Maariv This Week (Hebrew links only)

Israel Hayom

  • Expose - IDF prepares operational plan to deal with Iranian nukes
  • Sheldon Adelson, 1933-2021
  • Getting closer to the (Arab) sector -  (Netanyahu visits Nazareth)
  • Yes, gatekeepers // Eithan Orkibi writes that the left-wing aggressively de-legitimize right-wing criticsm
  • Green passport in the horizon: Two million vaccinated with first dose
  • Winter finally came in January: Fear of floods in south and center of country
  • Despite opposition from Netanyahu and Likud: Amit Eisman will be appointed acting state prosecutor
  • Mystery of death of Dr. Avi Harlev, esteemed doctor at Barzilay Hospital
  • Because of the vaccines, Fitch kept Israel’s credit rating at A+


Top News Summary:
Protests against Israeli Prime Minister Binyamin Netanyahu as he continued his efforts to get Arab votes and over his trial being postponed, the latest fallout from the corona crisis - failing high school students, depressed parents, partial facial paralysis among a few of those vaccinated and continued high rate of infection, and the day after Israel killed 57 people in airstrikes on targets on the Syria-Iraq border due to alleged Iranian redeployment there, the UN nuclear watchdog said that Iran is working on uranium metal-based fuel for a research reactor and Israel announced that the Israeli army is crafting new options to counter the threat of a nuclear Iran - making top stories in today’s Hebrew newspapers.

Elections 2021:
*In his third visit to an Arab city in two weeks, Netanyahu declared in Nazareth that "Arab citizens should fully be a part of Israeli society," heralded an “opportunity to start a new era." Outside Arab-Israelis protested and 19 were arrested, including an MK. Netanyahu even tried to ‘clarify’ his infamous words on 2015 Election Day to get his voters to the polls, “The Arabs are flocking to the polls in droves.” Speaking in Nazareth Wednesday, Netanyahu declared that “for years, political elements distorted my words. In the 2015 elections, my intention was not to warn about the vote of Arab citizens of Israel, but to warn against voting for the Joint List…” Joint List chairman Ayman Odeh responded: “He must think Arab Israelis have a short memory.” Netanyahu even offered a reserved Knesset seat on the Likud llist to the mayor of Nazareth, Ali Salam. (Maariv) Salam said he wouldn’t take the offer. “I will remain Nazareth’s mayor. I won’t run for Knesset, even if I’m offered a spot on the Likud list,” he told Army Radio. Meanwhile, Tel-Aviv mayor-turned-politician, Ron Huldai, called for an alliance between his ‘Israelis’ party and the Labor party. And, Labor party chairman, Amir Peretz, said he’s not going to run. Israel's consul general in New York and former settler council leader, Dani Dayan, joined Gideon Sa'ar's New Hope party.
 

Quick Hits:

  • Palestinian Activist Detained Hours After Protest, Charged With Assaulting Israeli Soldier - Sami Harini was apprehended at night at his West Bank home, long after he participated in a demonstration over the shooting of Harun Abu Aram during a confrontation with soldiers in the Hebron Hills earlier this month. (Haaretz+)
  • (Israeli troops,) settlers assault and injured two Palestinian farmers southeast of Nablus - In the small village of Khirbet al-Taweel, near Aqraba, Israeli troops and settlers severely beat two Palestinian farmers, a father and son, who were plowing their land in the village, inflicting wounds to their heads.
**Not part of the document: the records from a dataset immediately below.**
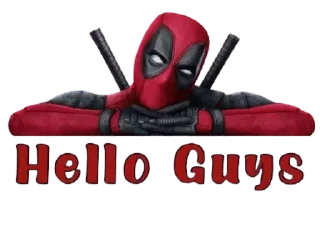 Sticker from Marvel ka stickers
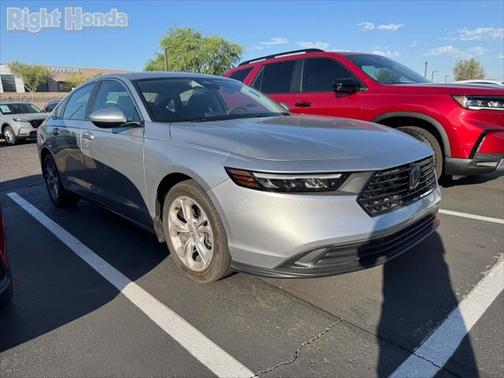2024 Honda Accord LX 1.5T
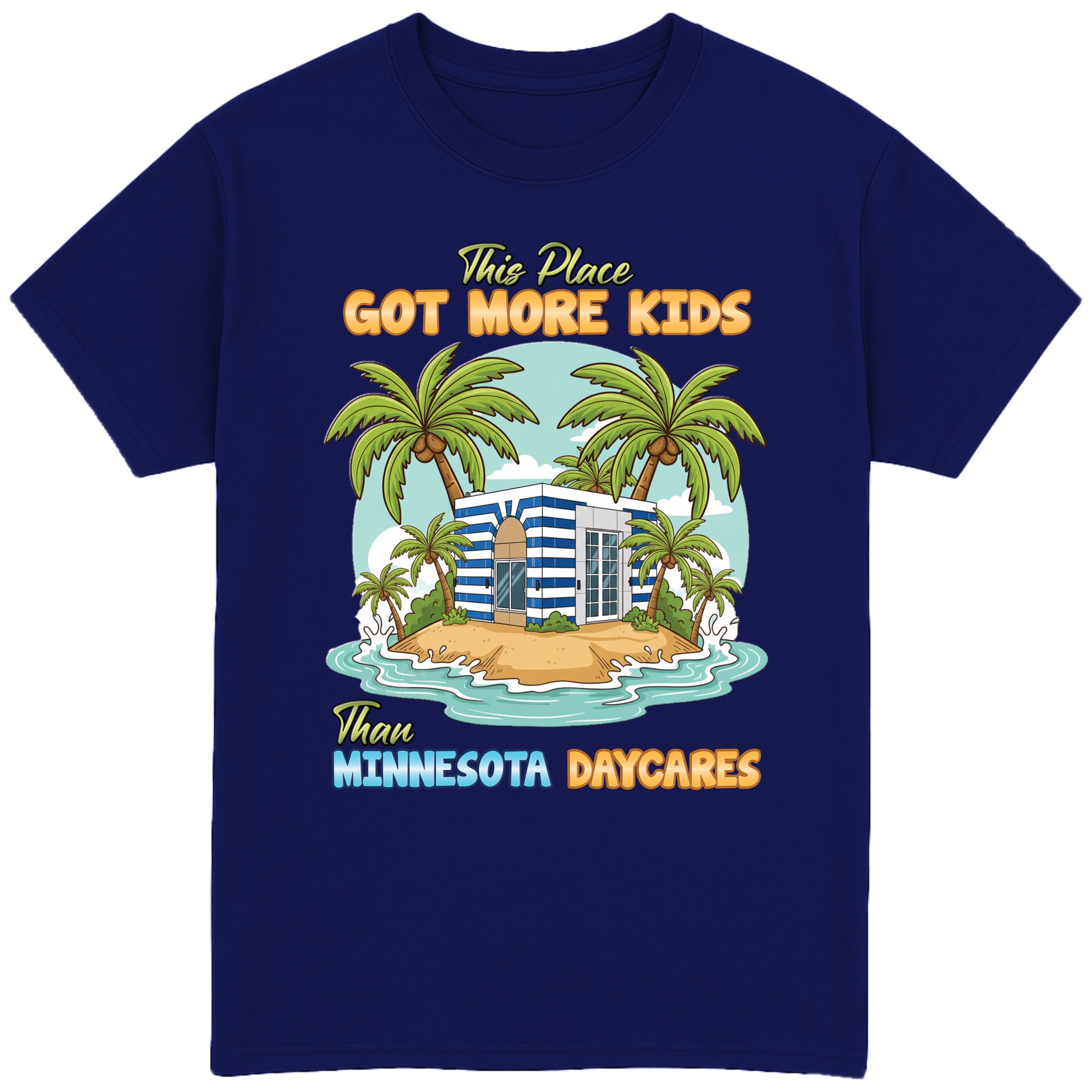 Minnesota Daycares T-Shirt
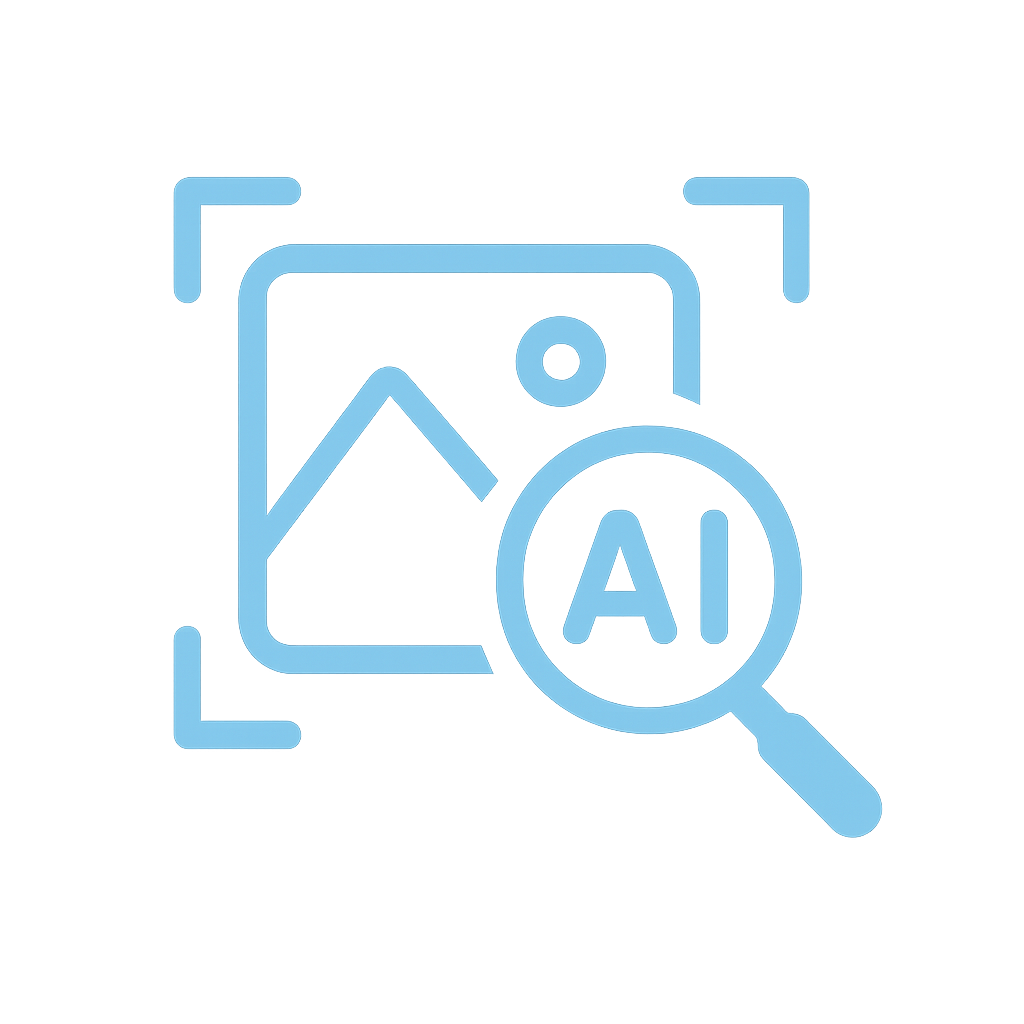AI Image Checker Logo
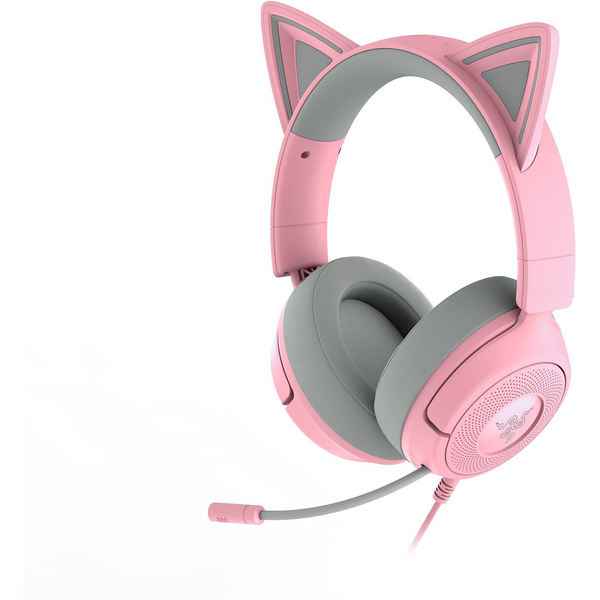 Razer Kraken Kitty V3 X - Quartz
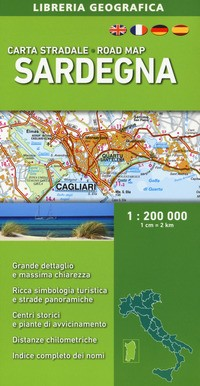 SARDEGNA 1:200.000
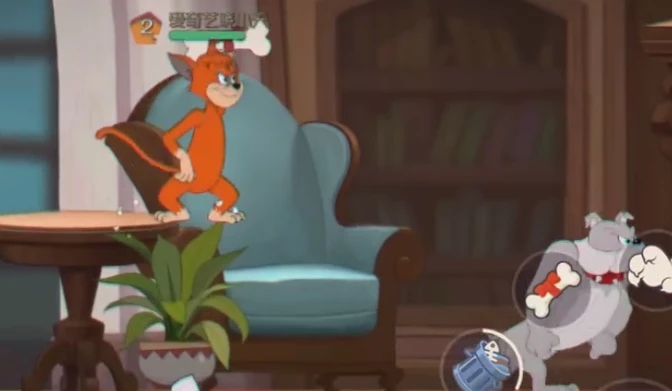 猫和老鼠华为版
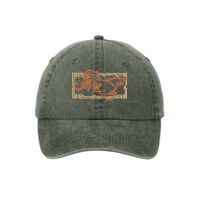 Pigment Dyed Cap Thumbnail
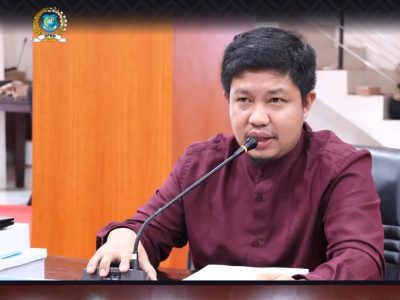 Dr. Supriadi, Anggota DPRD Bulukumba yang juga merupakan Ketua PKS Bulukumba.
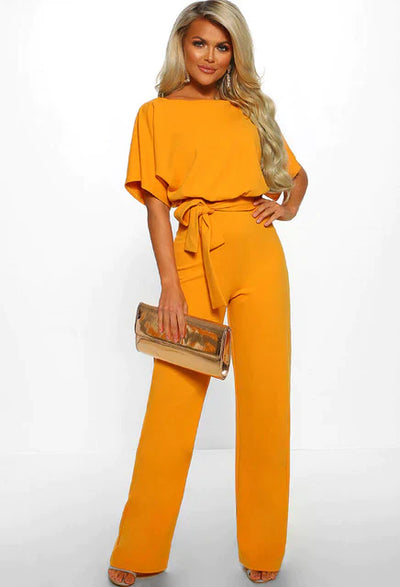 GlamourFlow™ | Elegante Jumpsuit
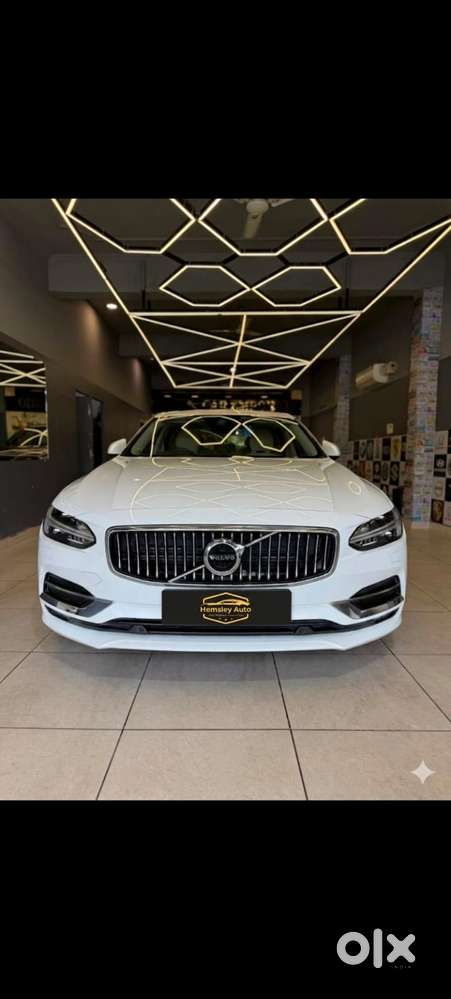 Volvo S90 D4 Inscription, 2018, Diesel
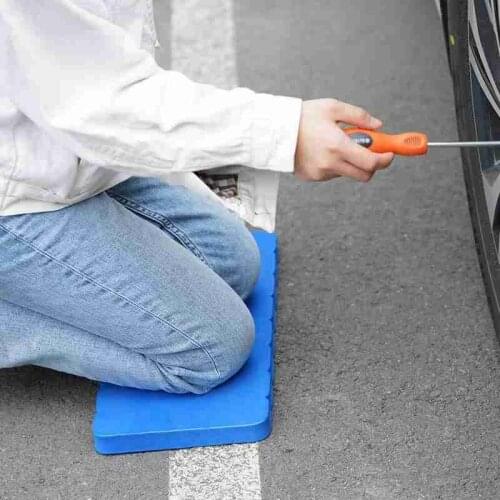 Garden Kneeling Mat Floor Cleaning Garden Cleaning Sponge Pad Bathroom Knee Mat Non-slip High-density Thickened J7Y5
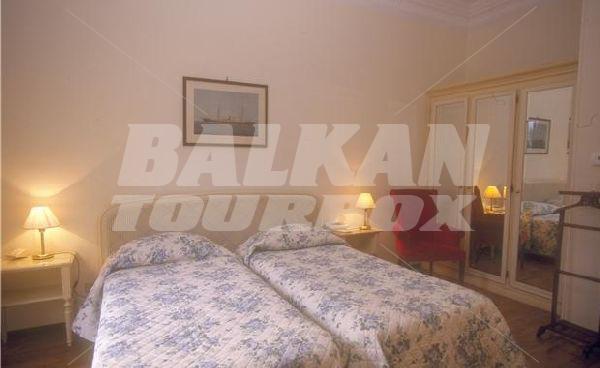 почивка в Grand Hotel De Londres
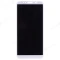 Дисплей для Huawei Honor 7A (DUA-L22) / Honor 7S / Y5 2018 (DRA-L21) / Y5 Prime 2018 (DRA-LX2) и др. + тачскрин (белый) (COF) фото №1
They were hospitalized and the assailants escaped. [WAFA wrote: Two days earlier, settlers began plowing Palestinian lands in the area, aiming to seizing them eventually. Yedioth's Elisha Ben-Kimon wrote today that settlers from Gitit and Palestinian farmers are in a dispute over 'state land.' Ben-Kimon interviewed settlers who accused the Palestinians of attacking them. But the Ynet story says the opposite. - OH] (WAFA and Ynet)
  • Israeli settlers set cars on fire in Turmus Aya and stoned passing Palestinian vehicles on main highway - In town of Turmus Aya, settlers set fire to two Palestinian-owned vehicles and smashed the windows of a third in early morning hours. The mayor accused Israel of trying to cover up the vandalism after Israeli forces came and took the cars away. Settlers also attacked Palestinian vehicles damaging cars Wednesday night on the Ramallah-Nablus road, near Turmus Ayya. (WAFA)
  • Israeli bulldozers raze land, uproot trees near Hebron - Israeli soldiers escorted bulldozers Beit Ummar agricultural land Wednesday, where heavy machineries leveled about eight dunams and uprooted more than 80 trees, including olive trees, belonging to Issam Abu Ayyash, who was given a permit by the Israeli Supreme Court to cultivate his land. (WAFA)
  • Cancer-Stricken Detainee Enters Serious Health Condition - Hussein Masalma, 37, from Bethlehem, is in intensive care unit of Israeli hospital and added that he had not received immediate treatment when he started suffering from a sharp pain in the abdomen. Now he was diagnosed with leukemia. (IMEMC)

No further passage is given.